Work required → Output exactly the lines below, starting with the line that has "مملوكة مسبقًا Marc" and going on through the line that has "Private Label OEM", both included, and no other lines.

Raw data →

•••

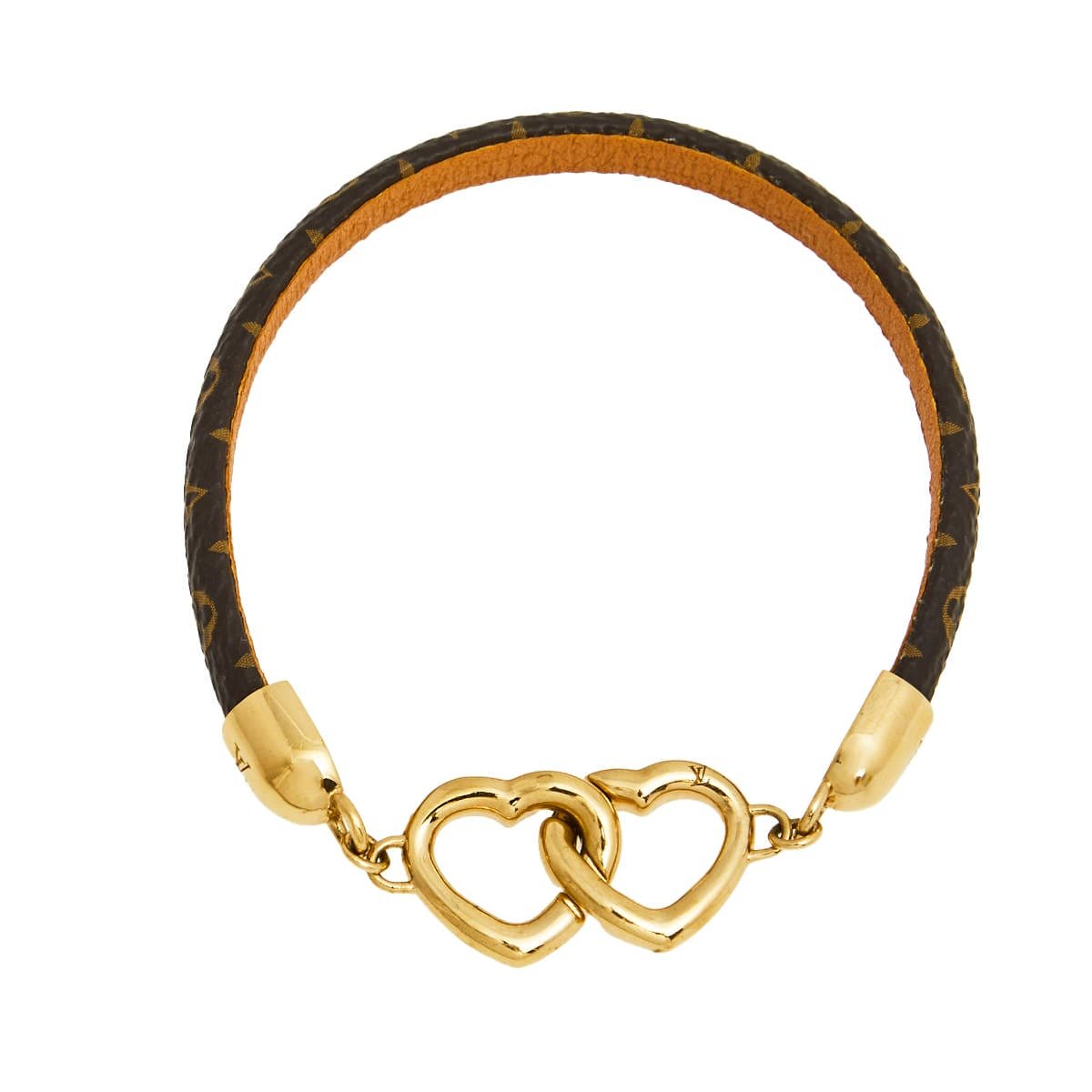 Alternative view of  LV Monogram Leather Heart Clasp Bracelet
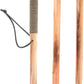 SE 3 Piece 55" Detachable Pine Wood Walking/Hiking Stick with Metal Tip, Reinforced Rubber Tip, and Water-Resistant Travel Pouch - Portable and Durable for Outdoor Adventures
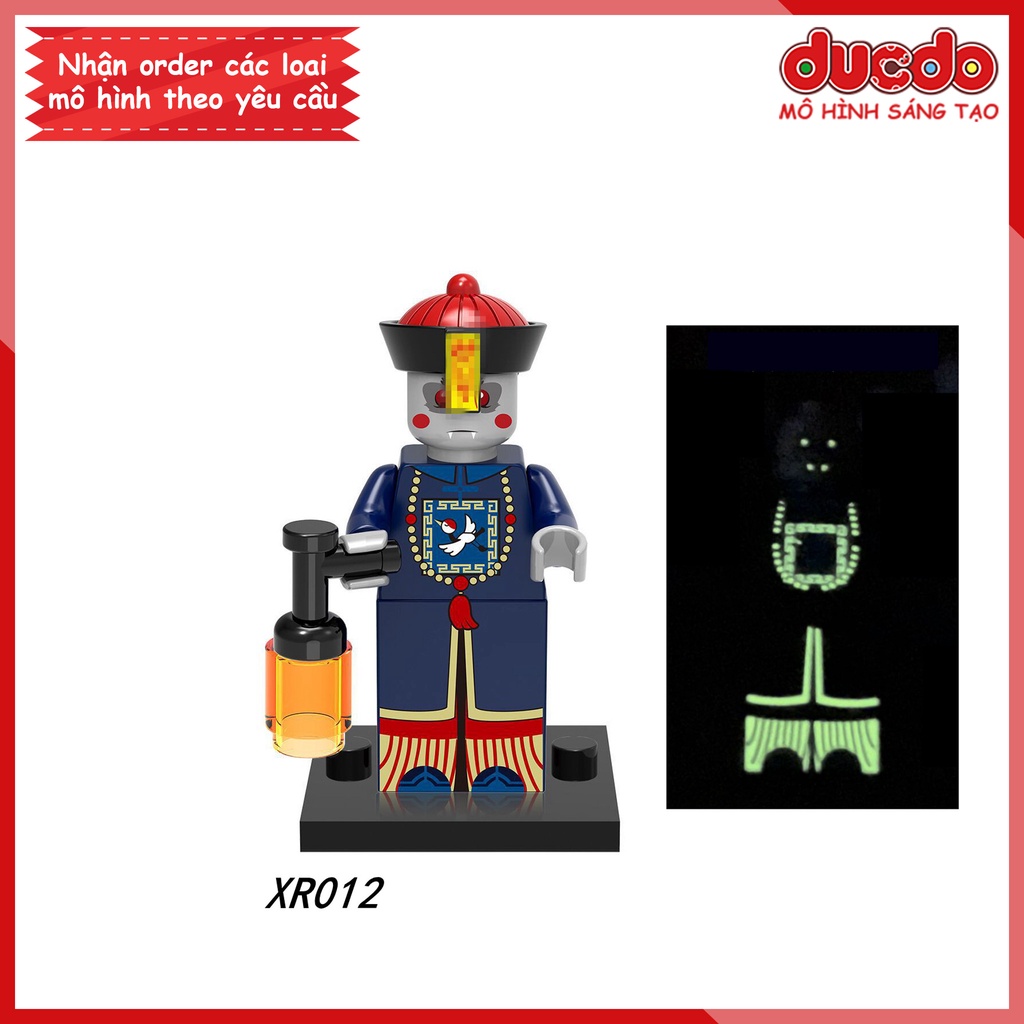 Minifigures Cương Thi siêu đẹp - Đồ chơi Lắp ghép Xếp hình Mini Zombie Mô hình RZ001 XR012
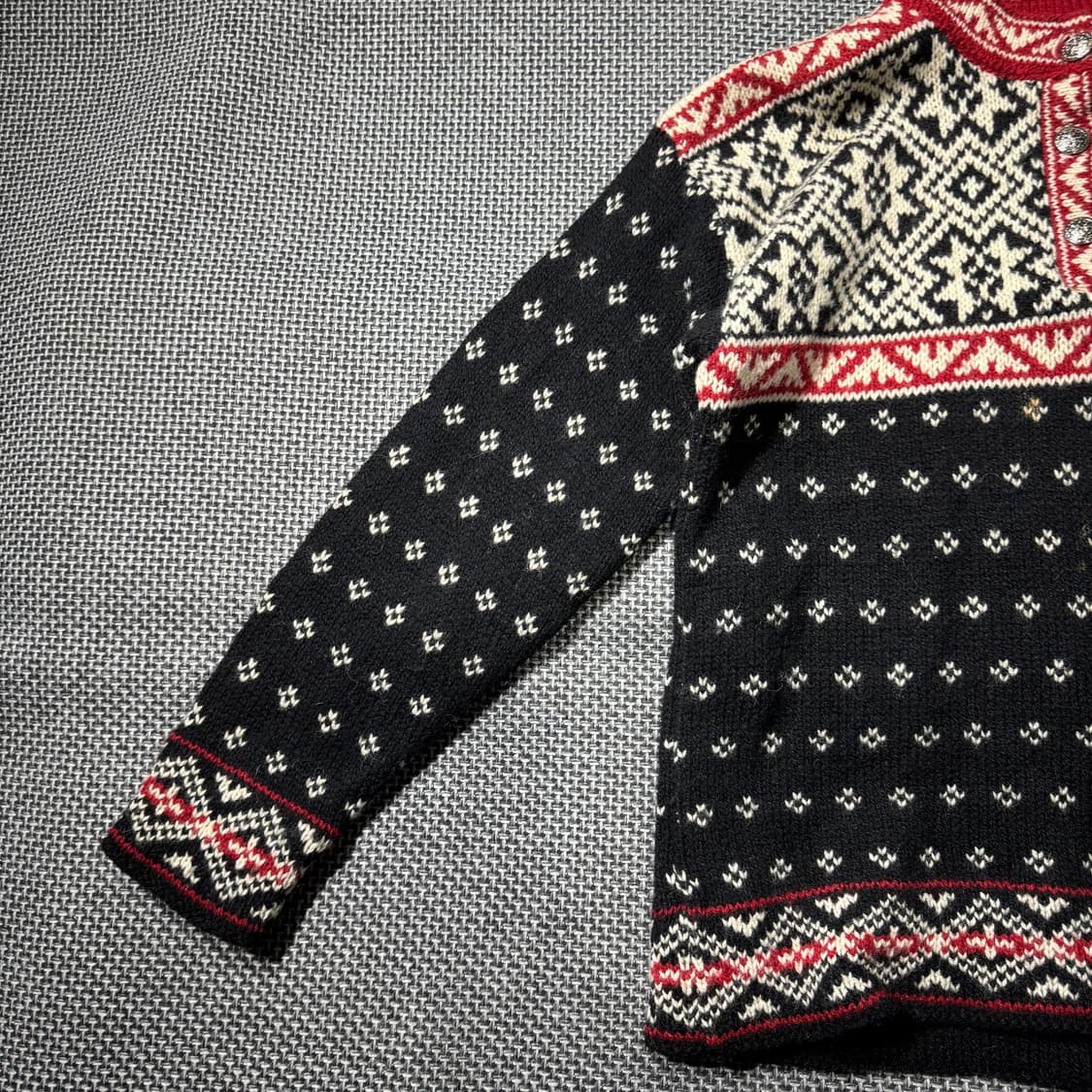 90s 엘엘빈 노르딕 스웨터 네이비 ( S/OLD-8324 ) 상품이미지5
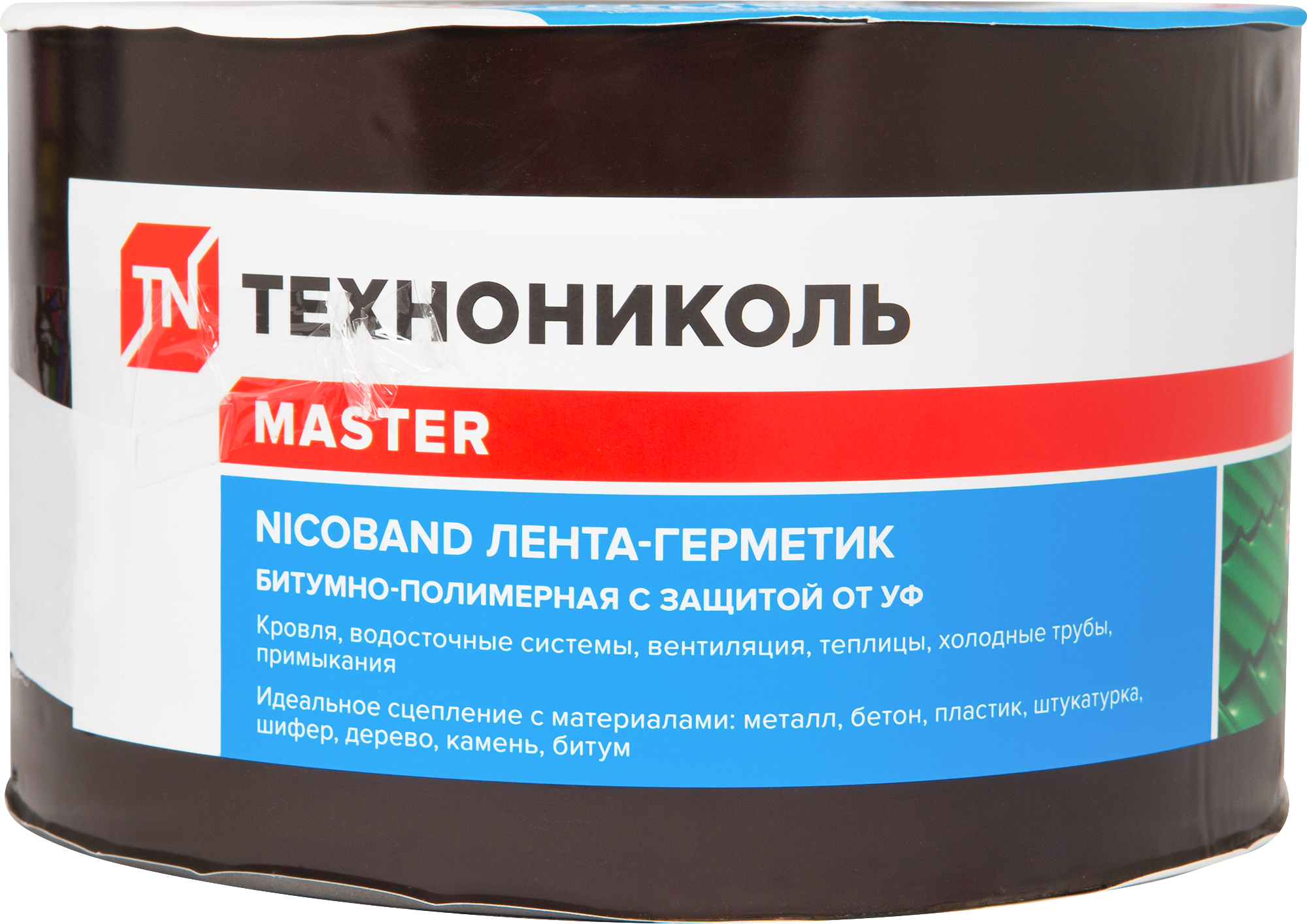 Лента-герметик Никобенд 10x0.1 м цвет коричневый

•••

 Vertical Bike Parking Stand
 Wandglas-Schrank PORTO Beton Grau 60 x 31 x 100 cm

•••

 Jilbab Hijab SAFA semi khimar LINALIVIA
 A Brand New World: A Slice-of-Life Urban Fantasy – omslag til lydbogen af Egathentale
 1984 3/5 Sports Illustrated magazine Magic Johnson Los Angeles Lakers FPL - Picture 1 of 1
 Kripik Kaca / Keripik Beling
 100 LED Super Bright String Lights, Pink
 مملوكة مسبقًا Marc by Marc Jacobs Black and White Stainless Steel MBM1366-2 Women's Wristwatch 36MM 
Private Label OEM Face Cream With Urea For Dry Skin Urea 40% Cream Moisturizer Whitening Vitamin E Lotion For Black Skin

•••

Response to the exercise →
 مملوكة مسبقًا Marc by Marc Jacobs Black and White Stainless Steel MBM1366-2 Women's Wristwatch 36MM 
Private Label OEM Face Cream With Urea For Dry Skin Urea 40% Cream Moisturizer Whitening Vitamin E Lotion For Black Skin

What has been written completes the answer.